Joe Biden to kick off presidential campaign with rally in Pittsburgh
Former Vice President Joe Biden is in Pittsburgh Monday, making his first campaign appearance since launching his bid for the 2020 Democratic presidential nomination
Monday, 29th April 2019
Former Vice President Joe Biden is in Pittsburgh Monday, making his first campaign appearance since launching his bid for the 2020 Democratic presidential nomination.
Biden, who joined the 2020 Democratic race last week, is counting on organized labor to comprise a significant part of his support, but despite his longstanding ties to unions, it may not be that easy.
The Democratic field now features 20 contenders, many of whom are making furtive bids for backing by labor.

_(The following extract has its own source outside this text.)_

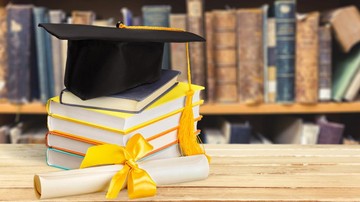 Ilustrasi beasiswa. Foto: istockphoto/artisteer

“This may be the most pro-union group of candidates we’ve seen in decades making it tougher for anyone candidate to line up significant union support,” said Steve Rosenthal, a former political director for the AFL-CIO who is advising unions on their 2020 strategies.
Biden, 76, has long styled himself as a champion of blue-collar workers, but his record as a U.S. senator and his two terms serving as former President Barack Obama’s No. 2 may complicate his efforts to draw union voters.

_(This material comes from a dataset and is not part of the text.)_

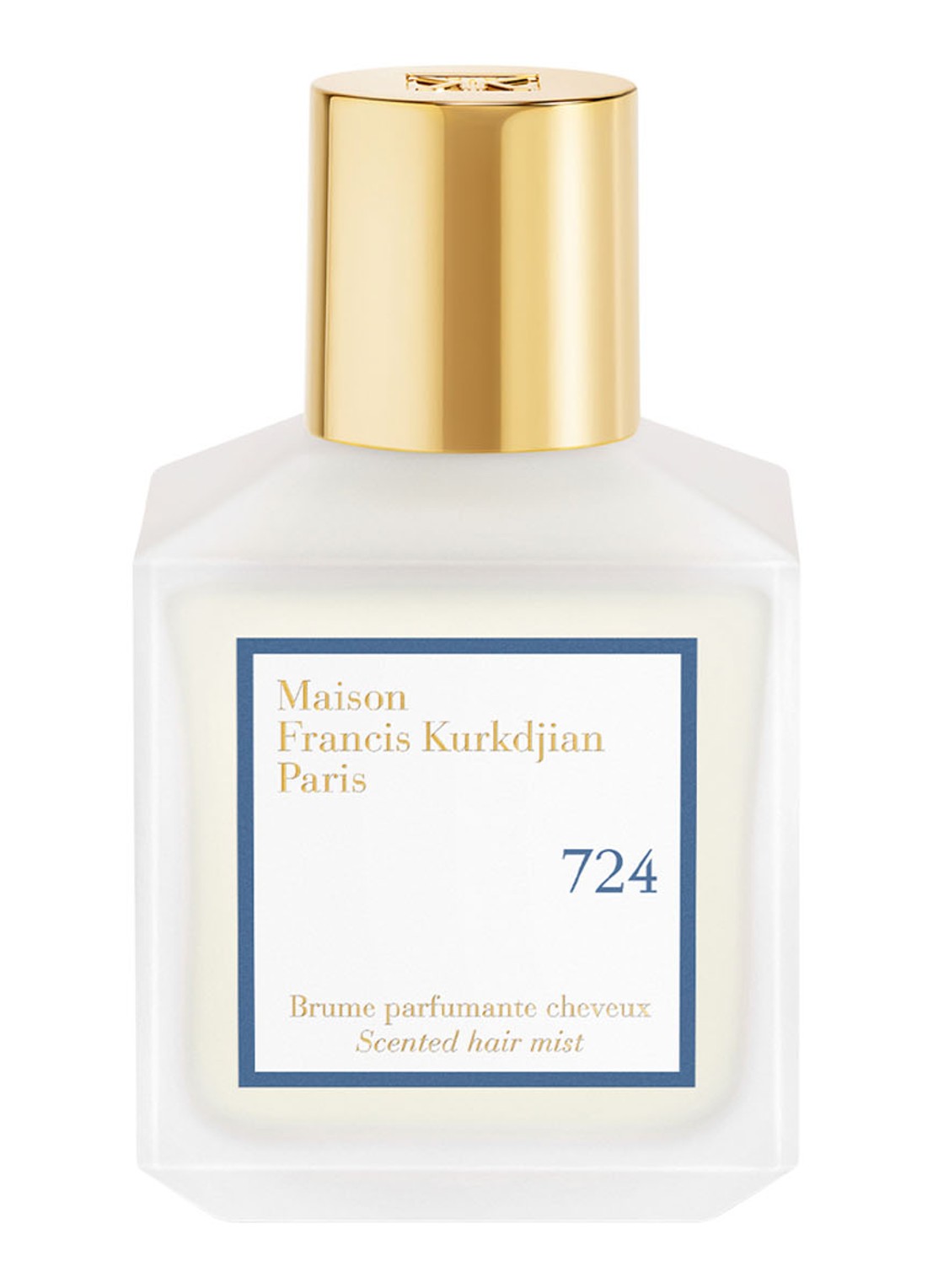 Maison Francis Kurkdjian 724 Scented Hair Mist - haarparfum - voorkant 6 undefined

As a senator from Delaware, Biden supported the North American Free Trade Agreement (NAFTA), which has become a sore point with unions that blame it for jobs going overseas.

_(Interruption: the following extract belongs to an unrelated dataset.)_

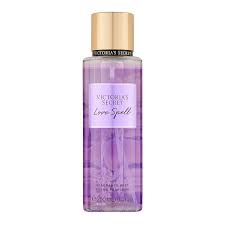 victoria s secret love spell fragrance mist 250ml at nykaa best beauty s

As vice president, he was part of an administration that promulgated labor-friendly regulatory policies, but also pushed through trade deals with Colombia, Panama, and South Korea over the objections of several unions and many other Democrats.
A massive 12-nation trade deal backed by Obama and Biden, the Trans-Pacific Partnership, was opposed by labor and became an issue in the 2016 presidential race, when Donald Trump, then the Republican presidential nominee, used it to criticize Democratic policies.
In Pittsburgh, Biden will address the International Brotherhood of Teamsters and is expected to lay out his vision for bolstering the nation’s middle class. After that, he will head off on a campaign trip to the early voting state of Iowa.
While organized labor has lost political clout with the decline of industrial jobs in America, it remains a key Democratic constituency, valued for its capacity to mobilize voters.
At this juncture, Biden may have to worry most about U.S. Senator Bernie Sanders, who, along with Biden, sits atop public opinion polls concerning the 2020 field.